Polo y yo



Prefiero pensar que no voy a olvidarme, que no harán estragos en mí los años ni el Alzheimer, ese alemán loco que se escapó de la segunda guerra y sigue asolando a la gente.
Prefiero pensar que si alguna tarde de lluvia, repaso un album de fotos, entenderé que ésta que veo en blanco y negro fue tomada de ese modo y no destiñó con el paso del tiempo.
Porque debo decirte que todos, vos y yo incluídos, vamos cambiando bastante, nos estiramos mucho al principio para volver a encogernos y arrugarnos al final.
Y yo te veré crecer naturalmente y siempre serás Pedro o Polo, como te gusta que te llamen.
Me contarás historias cada día más complejas y yo te contaré las mías.
Pero no he de olvidarme de nuestras primeras charlas en la casa de tus viejos jugando en el jardín, luchando, ante la mirada vigilante de tu madre con el carnet de la obra social a mano y el botiquín de primeros auxilios.

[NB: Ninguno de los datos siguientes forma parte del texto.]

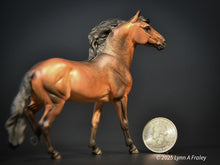 Load image into Gallery viewer, Pampero resin painted by Lynn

Y menos debo olvidar que alguna noche en Uruguay escuchaste subido a mis hombros la historia de Rulloni y California que yo le contaba a tu padre y a partir de allí ese fue tu destino feliz cada vez que jugabas a viajar con tus viejos a algún sitio en los aviones que inventaste en el living de tu casa.
Y tampoco tendría que olvidarme que una tarde, en un campamento, nos tapamos con una toalla que tenía el increíble poder de aislar a las personas para que nadie escuche lo que se conversa cubierto con ella y vos lo probaste diciendo cosas terribles como: culo, pito, caca, mientras todos nos rodeaban, y cuando nos quitábamos la toalla mágica, nadie había escuchado nada.
Unos meses depués de esta fantástica prueba, me invitaste a tu cuarto, te sentaste en la cama y usaste el cubrecama con poderes similares a aquella toalla y conversamos sobre los miedos, tan parecidos en ese momento y siempre a los míos.
No debería olvidarme que con tus cuatro años vos decías que yo era tu amigo, palabra de extraño poder que me hace inmune a las tristezas, a las bombas neutrónicas, a los terremotos y a las noches de tormenta.